Richard Cowley (died 1619) was an English actor in English Renaissance theatre, a colleague of William Shakespeare and Richard Burbage in the Lord Chamberlain's Men and the King's Men.

== Career ==
Cowley was in the c. 1591 production of The Seven Deadly Sins, performed by personnel from the Admiral's Men and Lord Strange's Men — a production that included Richard Burbage and other future King's Men. Cowley acted seven minor roles in that production. He also toured with some of the same personnel under Edward Alleyn in 1593. He is thought to have been an original shareholder in the Lord Chamberlain's Men when they re-formed in 1594; but little is known about his career, except for the fact that he played Verges in Much Ado About Nothing, along with William Kempe as Dogberry.

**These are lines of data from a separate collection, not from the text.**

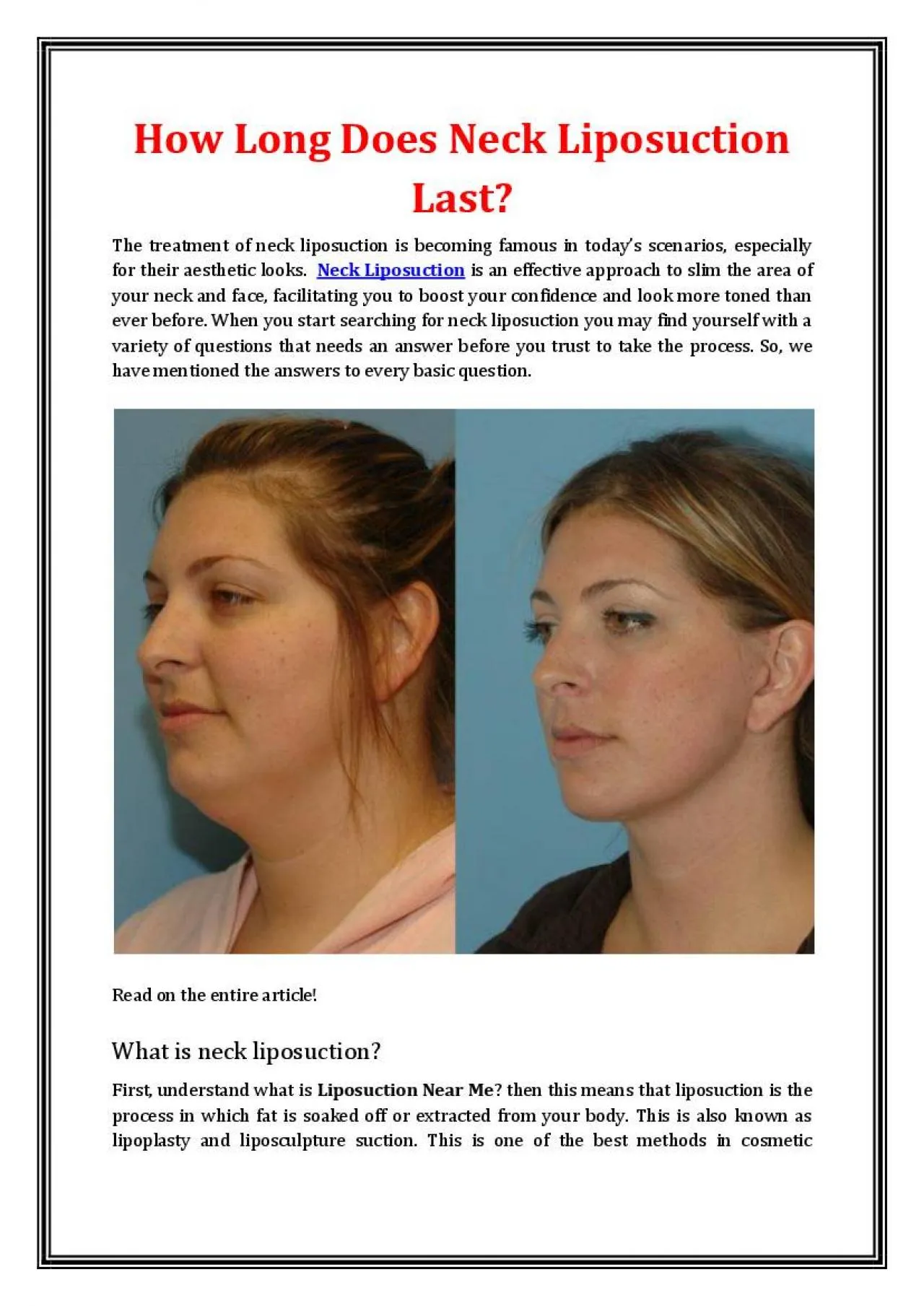 PDF-How Long Does Neck Liposuction Last?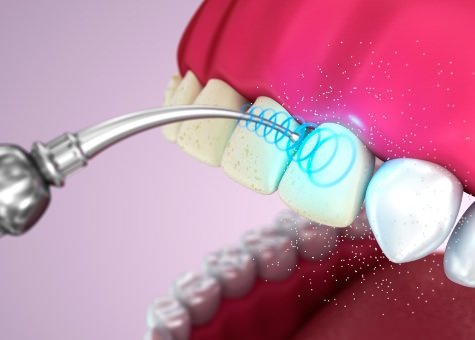 Ультразвуковая чистка зубов в Тюмени фото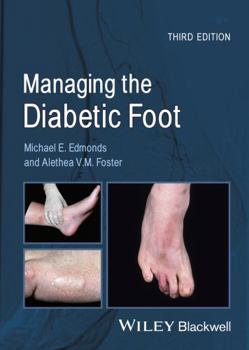 Paperback Managing the Diabetic Foot Book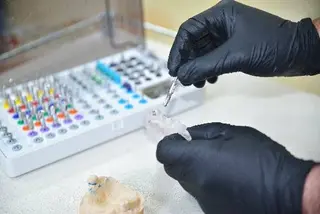 Yeremchuk Dental (ROYAL DENTAL), ПРОСТІР ЦИФРОВОЇ СТОМАТОЛОГІЇ ТА ІМПЛАНТАЦІЇ — фото 5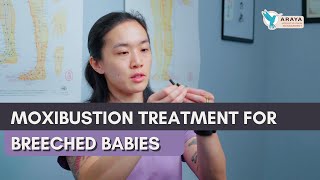 Moxibustion for Breeched Babies  with Dr Khanita [upl. by Florin885]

For some reason he is not in the cast lists on the three Ben Jonson plays acted by the company in 1598-1603; but he is still one of the sharers when the company is chartered as the King's Men in 1603, and he receives a bequest in the 1605 will of Augustine Phillips.

== Personal life ==
He is known to have married and had four children; two died young. His wife Elizabeth was buried on 28 September 1616 and his own burial followed on 12 March 1619. His will was witnessed by Cuthbert Burbage, John Heminges, Thomas Ravenscroft, and John Shank.